My point is that commuters have their daily departure routine down to minutes, if not seconds. They don't need a lounge. (Encourage the commuter lines to bring back the Bar Car that lasted over 100 years until 1970.) Let the vacationing families have their once in a lifetime experience. But encourage Amtrak to recognize there are many business travelers who are sick and tired of the flying hassle and enjoy relaxing day or overnight trips. Amtrak might just get increased revenue from their under 500 mile trips.

All it took for me to convince my Finance Manager in 1988 was comparing $1650 flying (airfare+2 motel nights in WAS) versus 19/20 sleeper 2-way for $750, 1988 prices. His response, "Oh, have a nice trip". LOL


----------



## Cal (May 11, 2021)

Devil's Advocate said:


> I'd rather separate Business Class and Sleeper Class. LAUS has no showers and is overrun with commuters for some reason. If I was commuting I'd only use the lounge if my inbound was early or my outbound was late. The Legacy lounge seemed like a great commuter pit stop and then Amtrak changed gears and closed it forever.


However that also means that the lounge is useless between the hours of 10 AM and 5 PM, and between 6 PM and 9 PM. I think that having lounge access is a nice plus for business class. 

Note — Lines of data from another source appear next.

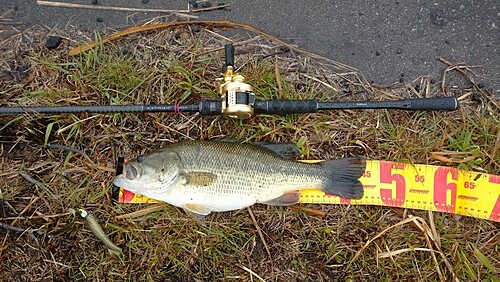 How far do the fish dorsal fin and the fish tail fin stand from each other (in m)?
0.85

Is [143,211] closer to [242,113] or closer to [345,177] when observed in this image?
[242,113]

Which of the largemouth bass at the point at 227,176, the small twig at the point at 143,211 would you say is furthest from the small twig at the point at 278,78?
the small twig at the point at 143,211

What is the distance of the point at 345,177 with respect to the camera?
3516mm

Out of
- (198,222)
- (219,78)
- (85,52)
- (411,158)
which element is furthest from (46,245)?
(411,158)

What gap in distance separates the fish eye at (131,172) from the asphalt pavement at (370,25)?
4.60 feet

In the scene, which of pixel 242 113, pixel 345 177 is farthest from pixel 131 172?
pixel 345 177

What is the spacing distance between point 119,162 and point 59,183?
1.72ft

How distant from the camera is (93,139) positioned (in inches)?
149

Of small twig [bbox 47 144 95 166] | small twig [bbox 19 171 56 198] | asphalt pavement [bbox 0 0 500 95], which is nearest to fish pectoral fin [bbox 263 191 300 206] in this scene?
asphalt pavement [bbox 0 0 500 95]

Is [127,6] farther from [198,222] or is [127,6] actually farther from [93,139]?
[198,222]

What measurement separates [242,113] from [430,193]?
164cm

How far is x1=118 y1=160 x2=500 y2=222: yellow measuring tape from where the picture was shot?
3.67m

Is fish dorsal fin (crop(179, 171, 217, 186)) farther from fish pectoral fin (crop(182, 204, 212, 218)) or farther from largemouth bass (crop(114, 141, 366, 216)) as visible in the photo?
fish pectoral fin (crop(182, 204, 212, 218))

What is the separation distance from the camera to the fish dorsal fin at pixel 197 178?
11.0 feet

I do think that the LAUS lounge should be expanded. It got/gets really crowded for the Starlight departure, and I'm sure it was far from empty for the Chief and Sunset/Eagle.


----------



## jebr (May 11, 2021)

Devil's Advocate said:


> How many Amtrak customers spend $450 or more on annual maintenance fees for airline and hotel-focused credit cards with no other means of accessing Amtrak lounges? How many Priority Pass members even know that Amtrak lounges exist? Seems like a pretty niche target to chase.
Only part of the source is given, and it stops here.